First, the Austin suburbs, where I grew up. If you made your mind map more physically accurate, it would look something like this.
What connects every dot is a trip in the car. Note: driving is fine! But when you’re traveling on those lines, you’re spending your time here:
Actually, here:
You’re a packet on the internet, flowing through the network. Or water in a pipe. You’re spending your time in liminal space. What you experience is the inside of your car and a podcast.
Any social interaction you have with other people in this context is a problem. It would be better for you if there was nobody else using the road. You could go as fast as you wanted and never stop, which would be awesome!
Second, let’s consider the “streetcar suburb” of Denver, where I live now. A more physically accurate depiction of a day would look like this:
The streets between every dot are public, social space. I can drive through. I can bike through. I can, and usually do, walk through.
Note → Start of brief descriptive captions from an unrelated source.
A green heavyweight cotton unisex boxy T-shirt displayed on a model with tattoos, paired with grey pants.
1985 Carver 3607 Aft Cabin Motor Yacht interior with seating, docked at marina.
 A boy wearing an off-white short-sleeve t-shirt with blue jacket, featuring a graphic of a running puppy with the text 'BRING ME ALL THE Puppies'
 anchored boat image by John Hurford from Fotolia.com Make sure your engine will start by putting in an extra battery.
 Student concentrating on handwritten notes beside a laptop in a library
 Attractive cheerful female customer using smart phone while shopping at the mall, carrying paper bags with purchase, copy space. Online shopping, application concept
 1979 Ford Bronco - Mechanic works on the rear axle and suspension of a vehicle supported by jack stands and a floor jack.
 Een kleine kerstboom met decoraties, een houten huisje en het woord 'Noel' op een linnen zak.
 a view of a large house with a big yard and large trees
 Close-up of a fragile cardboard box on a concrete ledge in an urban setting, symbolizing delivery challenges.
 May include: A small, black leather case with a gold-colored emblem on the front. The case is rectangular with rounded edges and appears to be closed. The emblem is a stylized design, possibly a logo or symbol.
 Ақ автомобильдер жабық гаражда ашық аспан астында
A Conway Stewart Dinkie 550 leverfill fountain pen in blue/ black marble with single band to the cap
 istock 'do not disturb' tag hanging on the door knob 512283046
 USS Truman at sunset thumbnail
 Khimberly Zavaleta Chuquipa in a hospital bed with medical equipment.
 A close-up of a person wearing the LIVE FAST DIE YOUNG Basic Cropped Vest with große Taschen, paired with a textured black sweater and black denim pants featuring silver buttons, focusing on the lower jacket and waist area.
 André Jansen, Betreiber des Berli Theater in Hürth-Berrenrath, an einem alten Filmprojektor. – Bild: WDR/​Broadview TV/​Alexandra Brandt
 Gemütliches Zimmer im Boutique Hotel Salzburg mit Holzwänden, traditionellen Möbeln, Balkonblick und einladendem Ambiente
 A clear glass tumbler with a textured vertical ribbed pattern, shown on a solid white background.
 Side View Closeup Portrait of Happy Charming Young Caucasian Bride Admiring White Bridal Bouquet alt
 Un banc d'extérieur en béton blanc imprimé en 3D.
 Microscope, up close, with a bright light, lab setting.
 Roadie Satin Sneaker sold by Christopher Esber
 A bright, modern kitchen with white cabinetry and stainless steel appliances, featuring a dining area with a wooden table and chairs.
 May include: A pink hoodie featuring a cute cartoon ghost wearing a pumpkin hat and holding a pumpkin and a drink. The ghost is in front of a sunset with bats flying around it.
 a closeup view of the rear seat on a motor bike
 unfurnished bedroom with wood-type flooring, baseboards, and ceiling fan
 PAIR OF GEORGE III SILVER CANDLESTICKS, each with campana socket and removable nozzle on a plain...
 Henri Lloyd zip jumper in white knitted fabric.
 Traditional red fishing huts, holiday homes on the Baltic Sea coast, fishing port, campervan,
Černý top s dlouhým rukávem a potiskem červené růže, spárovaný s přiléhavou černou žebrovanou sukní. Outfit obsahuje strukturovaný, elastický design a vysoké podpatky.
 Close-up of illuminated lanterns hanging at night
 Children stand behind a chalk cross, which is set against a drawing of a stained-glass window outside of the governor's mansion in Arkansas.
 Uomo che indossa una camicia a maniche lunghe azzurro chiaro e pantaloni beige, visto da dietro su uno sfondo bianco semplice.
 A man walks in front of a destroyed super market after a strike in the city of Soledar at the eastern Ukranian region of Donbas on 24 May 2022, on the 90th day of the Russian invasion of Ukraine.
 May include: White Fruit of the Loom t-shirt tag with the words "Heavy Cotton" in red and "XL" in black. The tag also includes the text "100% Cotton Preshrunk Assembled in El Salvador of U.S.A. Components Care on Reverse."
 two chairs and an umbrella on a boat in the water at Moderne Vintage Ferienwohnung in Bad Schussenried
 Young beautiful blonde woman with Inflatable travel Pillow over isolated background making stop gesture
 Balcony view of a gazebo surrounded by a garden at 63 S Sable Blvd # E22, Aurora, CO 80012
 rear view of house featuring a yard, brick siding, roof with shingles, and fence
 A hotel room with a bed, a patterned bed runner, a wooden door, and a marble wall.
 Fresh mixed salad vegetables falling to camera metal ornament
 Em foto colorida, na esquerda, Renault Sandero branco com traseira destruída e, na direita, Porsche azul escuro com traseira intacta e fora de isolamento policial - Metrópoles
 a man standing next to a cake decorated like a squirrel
When I walk, interesting things tend to happen. I bump into friends and neighbors. I see that guy who rides a giant tricycle, which, I think is kind of weird, but, that’s fine. I pass by shops that I like, and see flyers in the window saying they have an event this weekend. When I’m traveling on those lines I’m spending time here:
I don’t have to stop and experience the space in between the places I’m going, but I can. They are all connected. At every point in the journey, I’m passing by someone’s front yard, or patio, or storefront, or lobby, etc.
The mode of travel is not the cause. Having multiple nice options to pick from is an effect!
There’s another nice effect of connectedness. The lines on my map up being different because my kids can get themselves to and from school on their own, which is fun for them and saves me time.
When they walk home from school, the kids’ path is often like this: look in the shop windows, stop and buy a donut using their allowance money, stop and play on the playground with some other friends from school, get home in time for dinner.
From our house to the school there’s continuous, seamless, connected social space. It’s where we know our neighbors, where people hangout, and where most of the business of the neighborhood happens.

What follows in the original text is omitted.